FIRE represents USF student, professor in lawsuit against Florida law
A spokesman for Gov. Ron DeSantis’ office said new legislation nicknamed the Stop WOKE act that prohibits mandatory adherence to critical race theory tenets is well within the law despite a new lawsuit that seeks to overturn it.
Bryan Griffin, press secretary for the governor’s executive office, said in an email to The College Fix that the Individual Freedom Act doesn’t prohibit speech or ideas from free exchange, but rather the concepts cannot be forced on employees as a condition of employment.
He said under House Bill 7, no employer in the Sunshine State is prohibited from communicating about or holding voluntary workshops, seminars or trainings on critical race theory topics.
“The employer simply cannot subject employees to mandatory training on these concepts where the employer attempts to impose the concepts on the employee,” Griffin said.
However, a lawsuit filed in September by the Foundation for Individual Right and Expression argues the new law “suppresses viewpoints disfavored by Florida lawmakers.”
The foundation argued it “threatens tens of millions of dollars in annual funding for universities that don’t crack down on faculty who ‘promote’ an opinion on a government blacklist, and encourages people to report other Americans to government authorities if they ‘advance’ those views — all in the name of ‘individual freedom,’” FIRE stated in a news release announcing the lawsuit.
The complaint argues the act’s enforcement provisions are unlawful in part because the bill encourages students and faculty to report individuals who are “advancing” critical race theory, white guilt, and other controversial topics.
According to its guidelines, if the Board of Governors determines a university violated the law, and did not take corrective measures, it will be ineligible for funding for the next fiscal year.
University of South Florida history Professor Adriana Novoa, a plaintiff in the lawsuit, told FIRE “the government should not tell the people what they can talk and think about.”

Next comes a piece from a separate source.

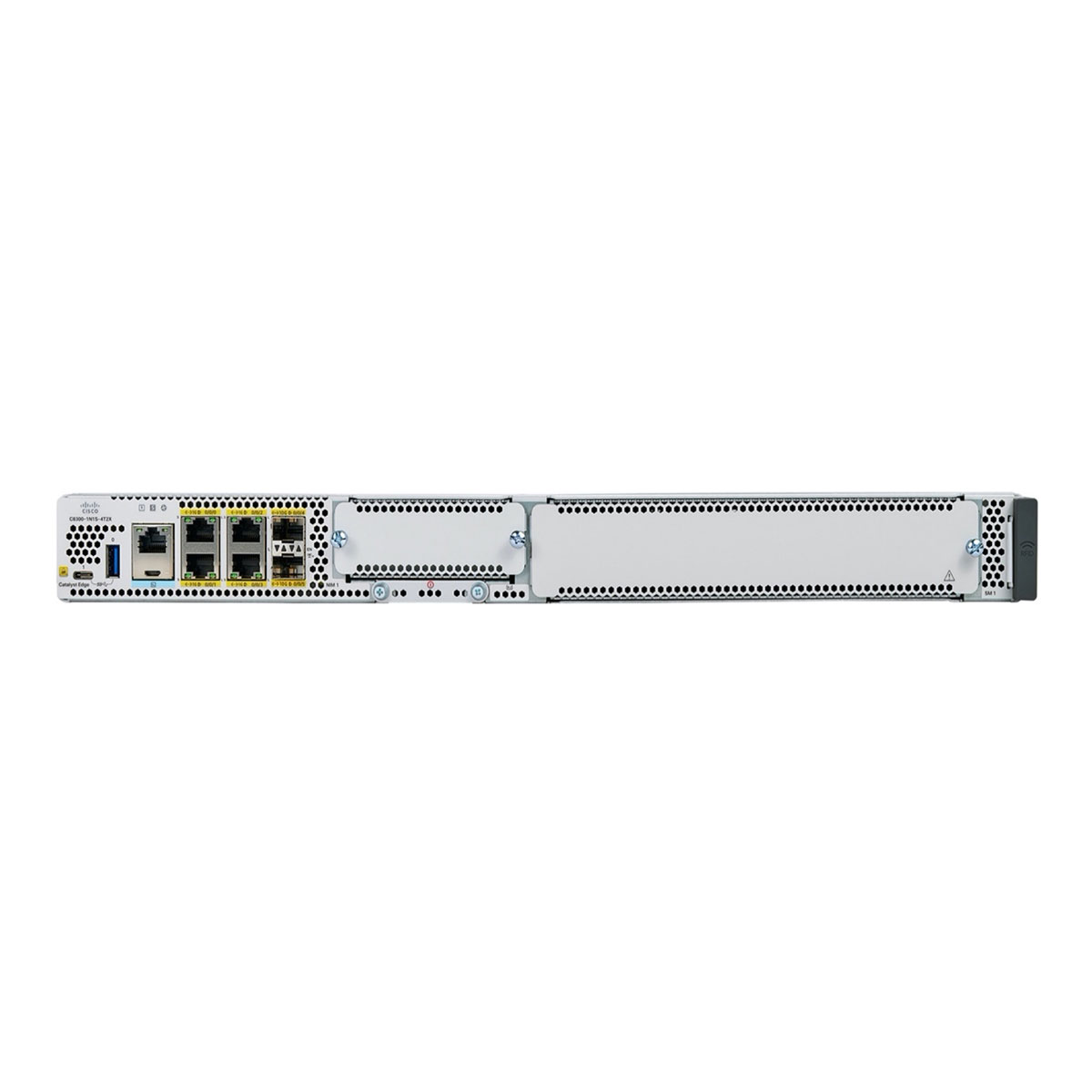 سوئیچ شبکه Cisco C9300X-24Y-E (آکبند – ۲۰۲۵)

Novoa has taught for over 20 years and grew up in Argentina, where she said she experienced living under a dictatorship, according to the complaint. Novoa teaches about Latin American, European and U.S. history, including the “process of identity formation, modernism, or the different conceptions of national culture.”

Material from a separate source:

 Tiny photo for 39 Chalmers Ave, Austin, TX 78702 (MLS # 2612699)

When the act passed, she said she had to remove lectures and course materials from her assignments, including readings on Jackie Robinson and segregation in professional baseball, as well as readings related to colonialism and revolutions of indigenous Latin American peoples.
She argues in the lawsuit that history teachers are disproportionately affected by the bill’s restrictions because cultural course topics and discussions may be flagged as unlawful for advancing arguments of white privilege or collective guilt.

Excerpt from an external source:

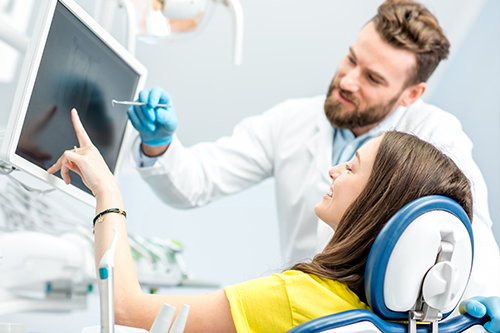 InStyle Smiles Dental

Also a plaintiff in the lawsuit is USF senior Sam Rechek, who argues the bill violates students’ rights because it chills free speech and prohibits what people can discuss on campus.
Rechek is president of the First Amendment Forum, a student organization at USF dedicated to ensuring every “student has the right to speak their mind.”
The law has already been clipped by a federal judge. In August, Chief U.S. District Judge Mark Walker blocked Florida’s enforcement of a major provision that prohibits certain speech in workplace diversity trainings.
The judge wrote in the court ruling, “If Florida truly believes we live in a post-racial society, then let it make its case, but it cannot win the argument by muzzling its opponents.”
FIRE’s lawsuit tackles the legislation’s higher education component.
Foundation attorney Adam Steinbaugh told The College Fix in an email that “for faculty, it limits their ability to discuss contested issues about race in the United States. For students, it imposes a viewpoint-discriminatory limit on the arguments they can encounter in college classrooms, violating the Supreme Court’s prohibition on laws that cast the ‘pall of orthodoxy’ over college classrooms.”
The bill was backed by Gov. DeSantis as a way to keep far-left politics out of schools. In an April news release, he said “there is no place for indoctrination or discrimination in Florida,” and students should not be taught to feel shame because of their race.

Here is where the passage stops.